Top of Dataset excerpt

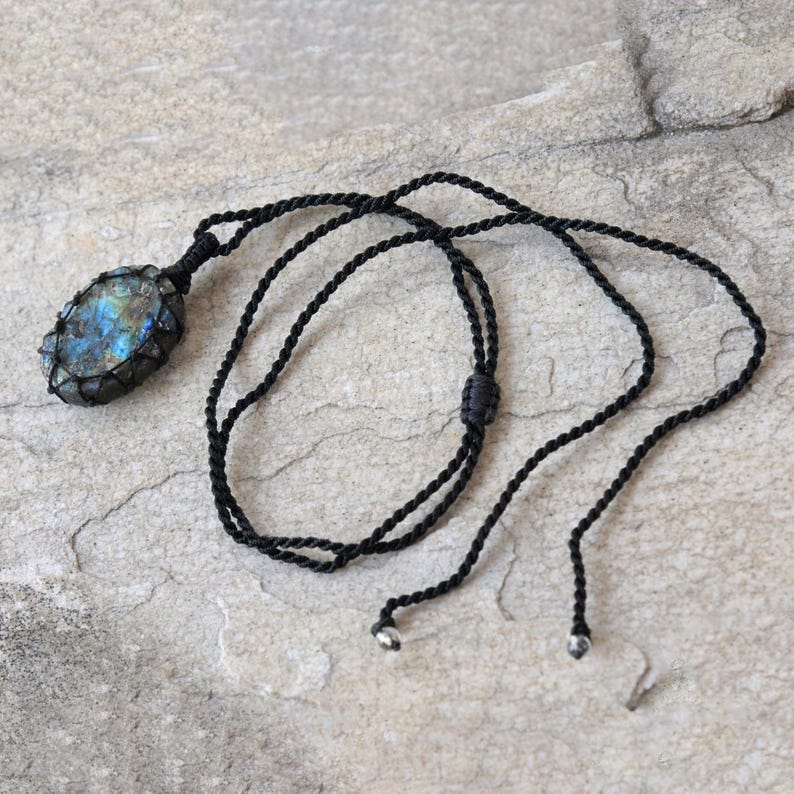 Raw Labradorite pendant displaying vivid flashes of electric blue, turquoise, gold, and hints of green across its natural rough surface. The stone is wrapped in a black macrame net with an adjustable black cord with a sliding knot closure and crystal beads and displayed on a light stone background. Labradorite is associated with transformation, intuition, protection, inner strength, spiritual awakening,  and enhanced creativity.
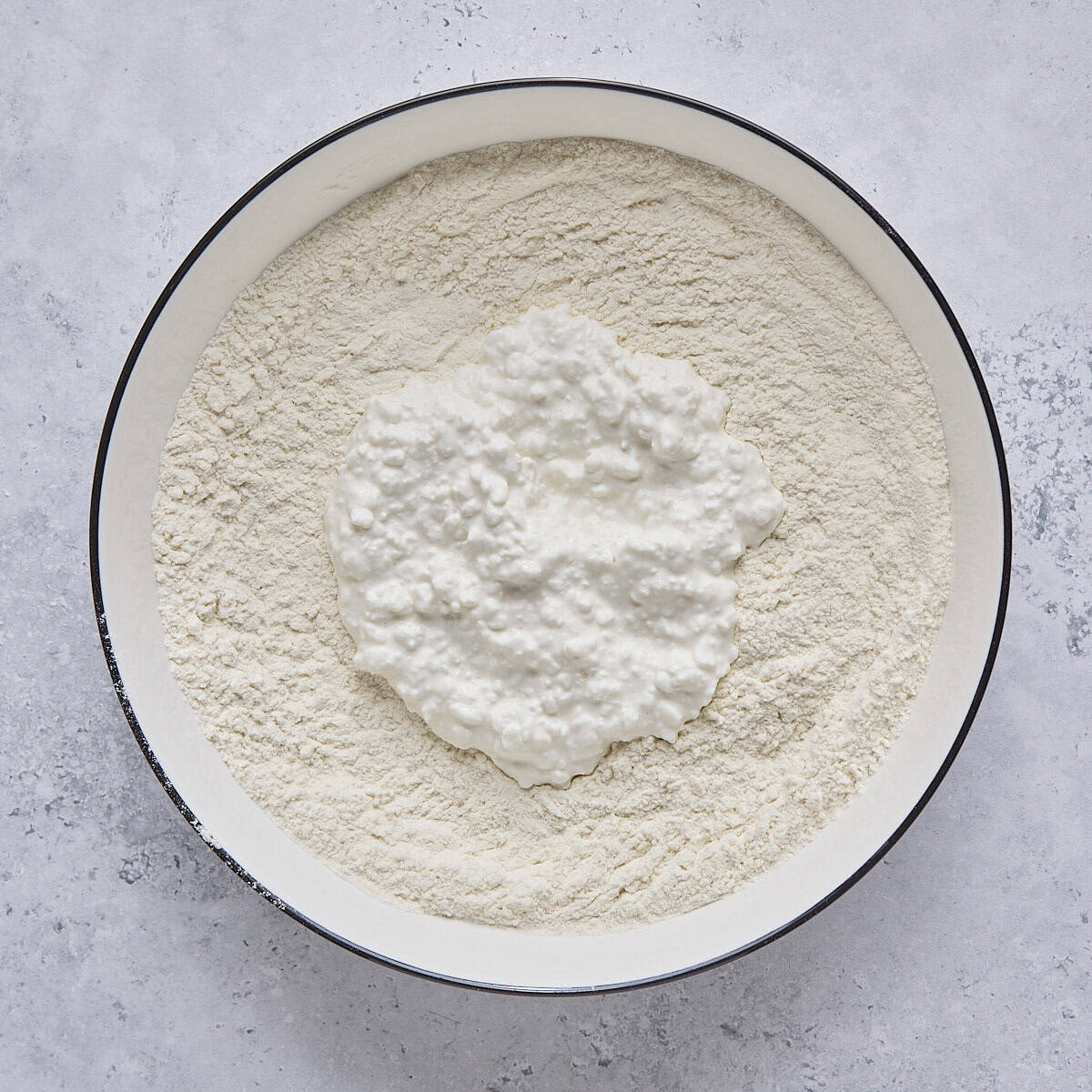 Dry ingredients and cottage cheese in a large bowl.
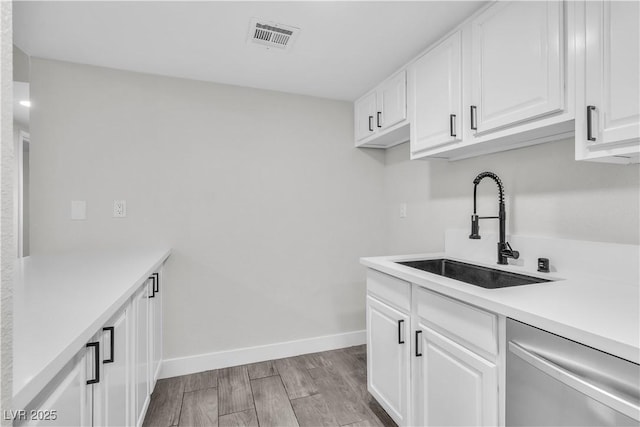 kitchen with a sink, visible vents, white cabinetry, light countertops, and stainless steel dishwasher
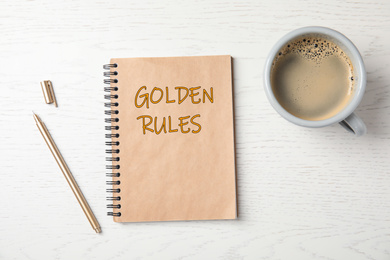 Image of Notebook with phrase GOLDEN RULES and cup of coffee on wooden background, top view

Bottom of Dataset excerpt

- _Exercise description_: The response has to be an exact copy of all the data, pictures excluded.

- _Problem solution_:
 Raw Labradorite pendant displaying vivid flashes of electric blue, turquoise, gold, and hints of green across its natural rough surface. The stone is wrapped in a black macrame net with an adjustable black cord with a sliding knot closure and crystal beads and displayed on a light stone background. Labradorite is associated with transformation, intuition, protection, inner strength, spiritual awakening,  and enhanced creativity.
 Dry ingredients and cottage cheese in a large bowl.
 kitchen with a sink, visible vents, white cabinetry, light countertops, and stainless steel dishwasher
 Image of Notebook with phrase GOLDEN RULES and cup of coffee on wooden background, top view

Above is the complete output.